Fig. 1 Optical micrograph of the mixture of AB (bright needles) and PEG (molten liquid) just after heating, showing bubbles of the released gas.

Fig. 2 Optical micrograph of square-shaped crystals observed to form one week after a mixture of AB and PEG was heated and gas release observed.

Single-crystal diffraction measurements show that the structure of this material was composed of a hydrogen-bonded network of pentaborate anions [B₅O₆(OH)₄]⁻ and ammonium cations [NH₄]⁺ (Fig. 3) in which there are four large channels per unit cell, which contain disordered PEG molecules. This material may therefore be classified as a polymer inclusion compound. The structure is monoclinic, space group P2₁/c and unit cell dimensions are a = 9.2922(2) Å, b = 17.3394(5) Å, c = 16.3648(5) Å, β = 91.234(2)°, V = 2636.12(13) ų at 150 K. This unit cell does not match other crystalline material derived from combinations of AB and PEO seen in previous work.¹⁷ Further details about the structure can be found in the tables of crystallographic coordinates and molecular geometry in the ESI.†

Fig. 3 Unit cell showing the four open channels formed by co-ordinating pentaborate anions and ammonium cations. Two ammonium ions per unit cell are orientated into each channel, inviting hydrogen bonding (indicated).

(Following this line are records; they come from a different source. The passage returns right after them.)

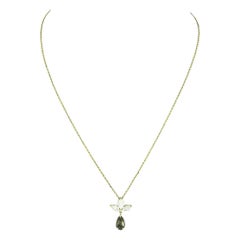 New 18k Gold 1.70ct GIA Pear Alexandrite Marquise Diamond Dangle Pendant & Chain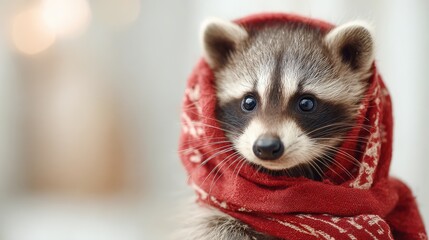 Obraz premium Adorable baby raccoon wrapped in a cozy red scarf, showcasing large bright eyes and a cute face, creating a charming and heartwarming winter atmosphere in a soft setting.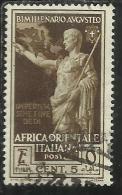 AFRICA ORIENTALE ITALIANA AOI 1938 AUGUSTO 5 CENT. USED USATO - Afrique Orientale Italienne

The basic motif forming the framework of the polymer-inclusion compound consists of two ammonium cations and two pentaborate anions (Fig. S1, ESI†). The two crystallographically-distinct anions are structurally similar to each other and are consistent with previously reported structures of the pentaborate anion.¹⁸ Similar structures composed of pentaborate anions have been observed for crystal systems containing substituted nitrogen-based non-metal cations.^19–25

This supramolecular structure has four channels which run through each unit cell (Fig. 4 and Fig. S2, ESI†). Extended PEG chains exist in these channels, as evidenced by the calculated pore volume (215.7 ų) and the number of electrons present in each channel (75.4 e⁻), corresponding to approximately 3.5 monomers per channel. The exact location of the polymer is difficult to determine due to extensive crystallographic disorder. Nevertheless, “squeezing” the structure ensures that the framework may be determined accurately.²⁶ Because of this disorder, the precise crystallographic location of the PEG molecules is unknown.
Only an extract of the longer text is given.